Page 1 of 1

iconv doesn't work as expected

Posted: Thu Mar 23, 2017 5:40 pm
by cah
After migrating to Centos 7.3.1161, I had to re-compile quite a few applications.
Apache is one of them. For some reason, Apache does not take the default character set any more (AddDefaultCharset big5). Everything is UTF-8.

Therefore, I have to find a way to convert my existing BIG-5 encoded HTML files to UTF-8 encoding format.

I tried "iconv" and it looked promising for test files. I then tried to convert all BIG-5 encoded files to UTF-8 and found iconv was unable to completely convert for me.
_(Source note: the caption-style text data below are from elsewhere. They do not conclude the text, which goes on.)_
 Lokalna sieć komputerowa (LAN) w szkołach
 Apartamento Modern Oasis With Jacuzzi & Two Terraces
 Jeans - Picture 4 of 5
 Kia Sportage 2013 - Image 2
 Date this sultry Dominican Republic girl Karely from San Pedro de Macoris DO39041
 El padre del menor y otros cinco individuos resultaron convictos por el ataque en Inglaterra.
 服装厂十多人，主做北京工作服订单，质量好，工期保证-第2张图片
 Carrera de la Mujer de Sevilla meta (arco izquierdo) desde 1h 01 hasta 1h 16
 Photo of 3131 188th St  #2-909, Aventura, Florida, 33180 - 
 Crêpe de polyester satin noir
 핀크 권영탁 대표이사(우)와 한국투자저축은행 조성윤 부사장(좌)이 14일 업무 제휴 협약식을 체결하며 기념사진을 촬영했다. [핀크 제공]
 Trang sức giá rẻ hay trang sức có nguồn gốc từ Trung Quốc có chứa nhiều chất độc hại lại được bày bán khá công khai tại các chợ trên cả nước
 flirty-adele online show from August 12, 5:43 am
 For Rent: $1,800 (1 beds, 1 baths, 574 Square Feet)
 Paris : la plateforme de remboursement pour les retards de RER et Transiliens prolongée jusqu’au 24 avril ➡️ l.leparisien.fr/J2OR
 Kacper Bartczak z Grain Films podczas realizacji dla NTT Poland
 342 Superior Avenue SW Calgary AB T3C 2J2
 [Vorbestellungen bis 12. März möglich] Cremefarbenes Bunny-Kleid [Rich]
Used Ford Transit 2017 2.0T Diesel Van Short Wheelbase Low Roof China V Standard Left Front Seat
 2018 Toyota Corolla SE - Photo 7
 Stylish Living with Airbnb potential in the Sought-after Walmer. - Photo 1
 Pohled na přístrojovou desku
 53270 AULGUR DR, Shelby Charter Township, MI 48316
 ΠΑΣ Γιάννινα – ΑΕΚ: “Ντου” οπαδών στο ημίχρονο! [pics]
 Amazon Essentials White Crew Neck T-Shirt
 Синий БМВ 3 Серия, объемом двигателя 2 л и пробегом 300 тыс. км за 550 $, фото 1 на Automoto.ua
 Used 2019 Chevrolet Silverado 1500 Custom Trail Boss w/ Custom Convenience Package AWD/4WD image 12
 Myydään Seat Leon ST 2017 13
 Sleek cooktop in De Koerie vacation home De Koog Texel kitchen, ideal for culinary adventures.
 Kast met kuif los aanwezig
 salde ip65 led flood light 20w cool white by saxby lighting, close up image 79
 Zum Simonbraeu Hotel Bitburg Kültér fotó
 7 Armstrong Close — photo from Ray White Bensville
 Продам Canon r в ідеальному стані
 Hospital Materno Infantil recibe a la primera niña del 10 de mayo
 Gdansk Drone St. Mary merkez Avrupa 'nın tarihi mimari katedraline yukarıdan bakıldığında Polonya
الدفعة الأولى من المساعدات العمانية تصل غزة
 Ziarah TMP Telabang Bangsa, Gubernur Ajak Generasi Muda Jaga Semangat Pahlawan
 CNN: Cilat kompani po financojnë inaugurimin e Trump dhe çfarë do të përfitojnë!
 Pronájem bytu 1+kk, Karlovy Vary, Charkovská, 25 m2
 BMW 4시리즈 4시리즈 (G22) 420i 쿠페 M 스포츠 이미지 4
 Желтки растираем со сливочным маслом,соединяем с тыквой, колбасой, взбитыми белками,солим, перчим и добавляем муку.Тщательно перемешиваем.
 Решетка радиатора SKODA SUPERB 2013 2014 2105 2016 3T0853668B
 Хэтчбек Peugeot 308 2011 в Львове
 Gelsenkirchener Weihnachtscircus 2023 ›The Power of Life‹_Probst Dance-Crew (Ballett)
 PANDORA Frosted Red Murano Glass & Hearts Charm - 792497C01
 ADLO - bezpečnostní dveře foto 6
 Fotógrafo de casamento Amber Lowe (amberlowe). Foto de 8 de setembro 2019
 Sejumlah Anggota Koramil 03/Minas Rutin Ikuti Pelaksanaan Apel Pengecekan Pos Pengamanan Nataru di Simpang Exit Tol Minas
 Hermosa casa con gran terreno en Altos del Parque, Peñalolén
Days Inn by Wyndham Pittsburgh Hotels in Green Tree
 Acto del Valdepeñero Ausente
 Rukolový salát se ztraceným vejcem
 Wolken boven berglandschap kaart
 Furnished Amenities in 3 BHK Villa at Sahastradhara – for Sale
Even worse, after converting to UTF-8, I cannot convert back to BIG-5. This is certainly not a good tool for conversion.

I wrote 2 small perl scripts (big5_2_utf8.pl & utf8_2_big5.pl) in January 2017 for this very purpose and details can be found at this BBS post Encoding conversion between BIG-5 and UTF-8.

I tried the scripts for the BIG-5 encoded files in mirror environments and they seem to look good (much better than iconv result for sure).

Just in case I need to roll back to the original BIG-5 encoded files, I had created a list of files for both mirror and prod environments (html_list & mirror_list) and tar files for them (html_list.tar.gz & mirror_list.tar.gz). They are located in /home/www/mirror/cah/archive.